# 13wk old puppy who is biting kids



## khuesgen (May 31, 2009)

We have a 13wk old gsp and she has a major problem with biting my hands when I put a leash on her. I am an adult and can deal with it but the problem is getting out of hand with the kids. We have 4 kids in the house under 4(I babysit). She has not drawn blood but it is getting out of hand. I hate to keep her in her crate unless it gets really bad. My 13yr old and 11yr old daughter are getting the most of the bad bites. What I am not sure of is whether this is normal puppy biting or something else.

I put her in the submissive position 4times a day. I will hold her mouth closed and tell her no forcefully but not threatening. I refuse to hit her so can someone give me some suggestions. Oh and sometimes when I tell her no she barks back at me.


----------



## pupresq (Dec 2, 2005)

This is actually not aggression but is part of going through puppyhood and is pretty common in GSDs.

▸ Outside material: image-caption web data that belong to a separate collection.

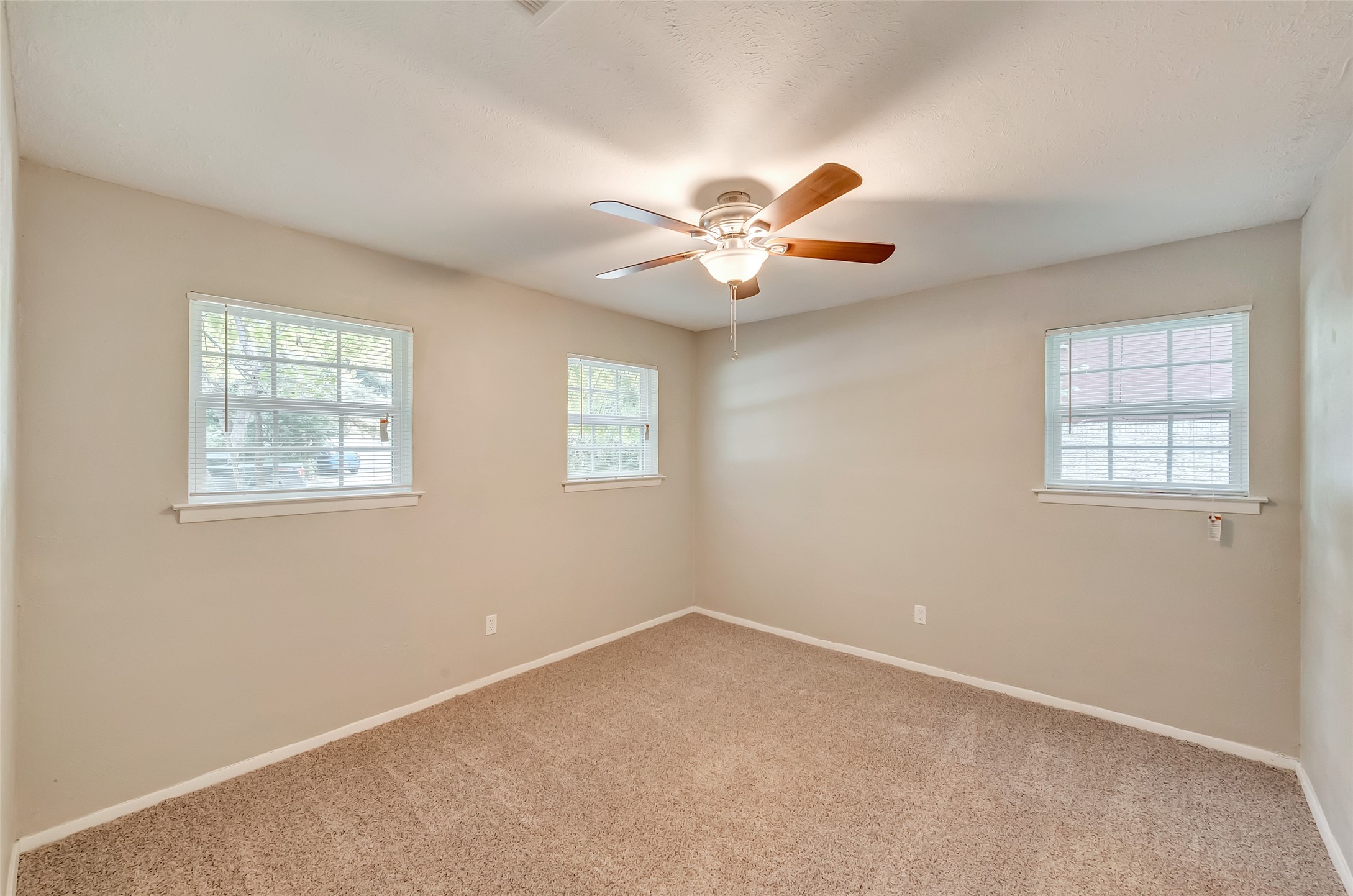 2833 Kingsbury Avenue Richland Hills TX 76118
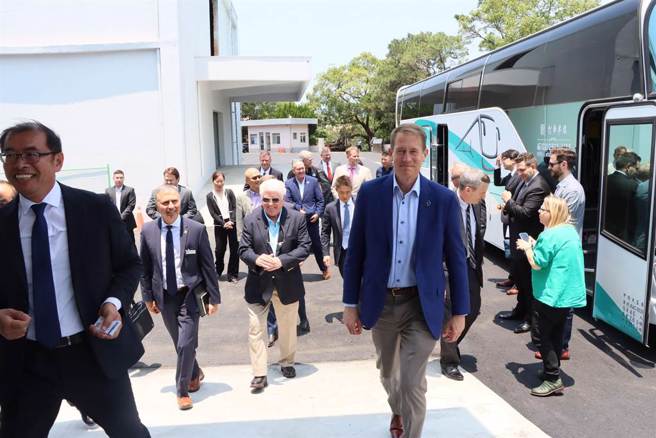 美台商会国防产业参访团25人抵达台湾晋陞苗栗太空园区。（苗栗县政府提供／李京升苗栗传真）
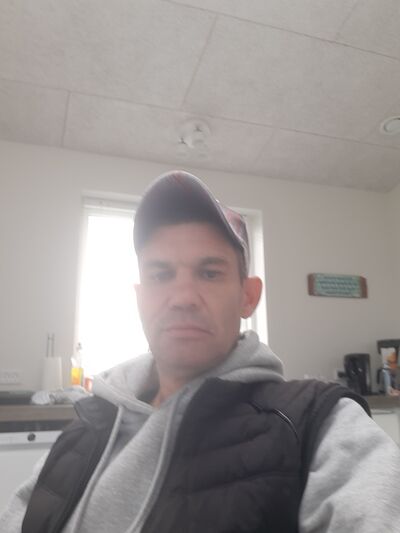  ,   Aivarok, 44 ,   ,   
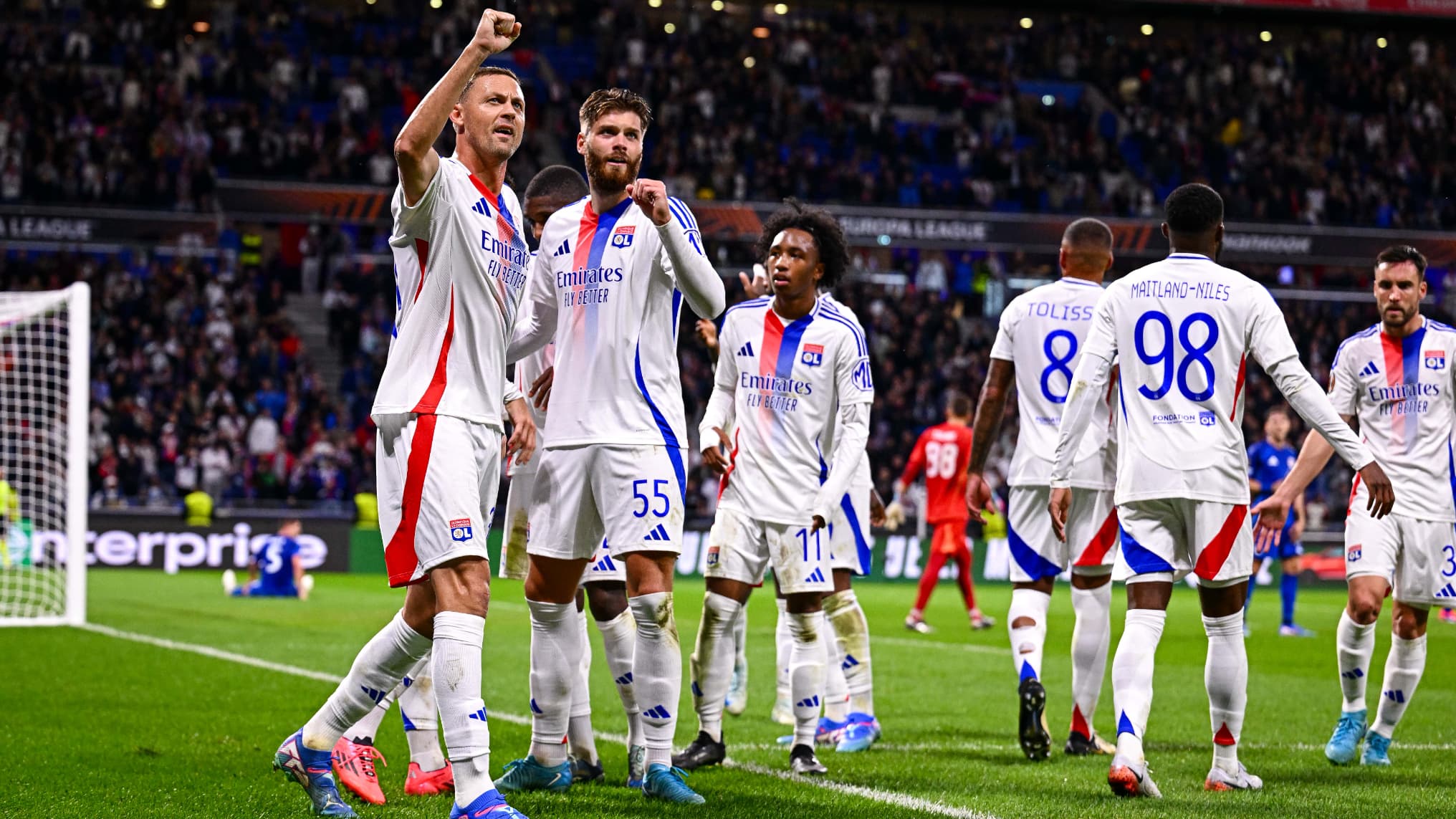 Matic kondigt zijn wens aan om dit seizoen met Lyon “de Europese Liga te winnen”.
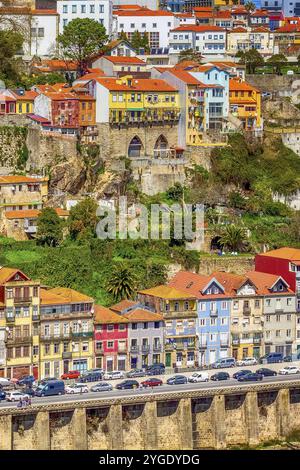 Porto, Portogallo città vecchia ribeira antenna vista promenade con coloratissime case vicino al fiume Douro Foto Stock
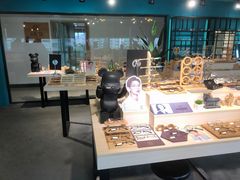 -Trend1881视光·蔡司视觉(领展广场店)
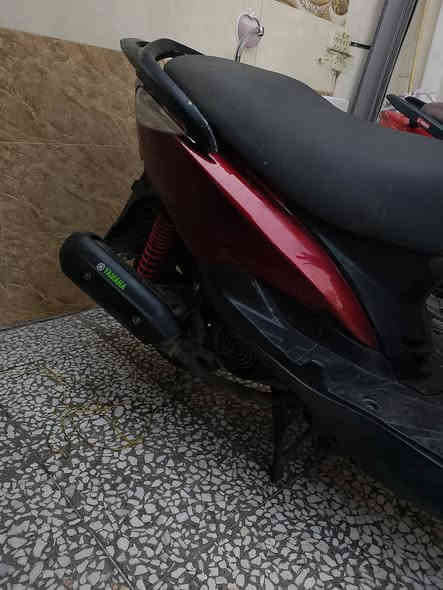 ثعلب للبيع مكينه 58.5 دراجه ناعمه وخير من الله سلف رياضي كت كلجات جديد زنون اصلي +زنون بومه سكن ريمونت دبل اشارة حساسات بريك +بريكات كله جاهزه +كفرات لون دم الغزال شذرة واضحه  والدراجه جاهزة بأي وقت السعر 650 رقمي *********** بغداد
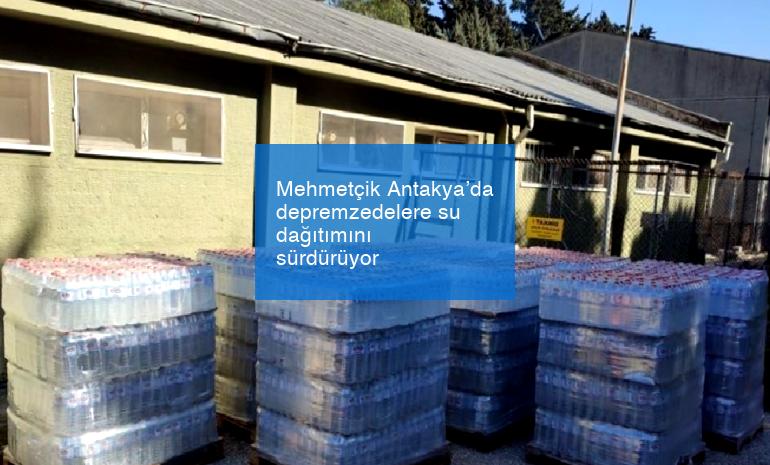 Mehmetçik Antakya’da depremzedelere su dağıtımını sürdürüyor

Try searching here but also in the puppy behavior and training areas for lots of info - it comes up a lot so you are NOT alone with your little land shark!


----------



## doggonefool (Apr 15, 2004)

I agree with PupresQ; it is part of puppyhood and she is trying to play. I have heard that if you squeal like a littermate would, that may slow it down. She is _REALLY _young. You may want to look into Puppy Training classes; check with your vet on good ones in your area. I don't know that holding her mouth closed or putting her in a submissive position is suggested anymore... 








Good Luck


----------



## onyx'girl (May 18, 2007)

I think you are frustrating your pup by putting her into a "submissive position". What is this accomplishing, other than her fighting you? Holding the mouth closed is not helping either, I assume. Your pup needs to get her energy out and this can be done with playing fetch, tug with a rag on a string or a tug toy and just interaction, engaging her to focus on you thru small training sessions. Buy a fresh marrow bone from the grocery and give it to her in her crate for downtime. Of course, obedience classes are a must!
pupresq is right, many threads on this as there are a bunch of pups right now your babies age. My pup is the same age, and he doesn't bite us at all, many toys are around to redirect his mouthiness. A soaked frozen towel will help shortly, too when your pup starts teething. BTW~Welcome and we love pics(specially puppies!)


----------



## Amaruq (Aug 29, 2001)

First off this is NOT AGGRESSION. It is normal puppy behavior. This seems to be a common misconception. A 13 week old puppy "biting" is no more aggressive than a human infant/baby who flails its arms and cracks you a good one with a bottle or toy should be charged with assault!

I agree that:



> Quote: "I put her in the submissive position 4times a day. I will hold her mouth closed and tell her no forcefully but not threatening"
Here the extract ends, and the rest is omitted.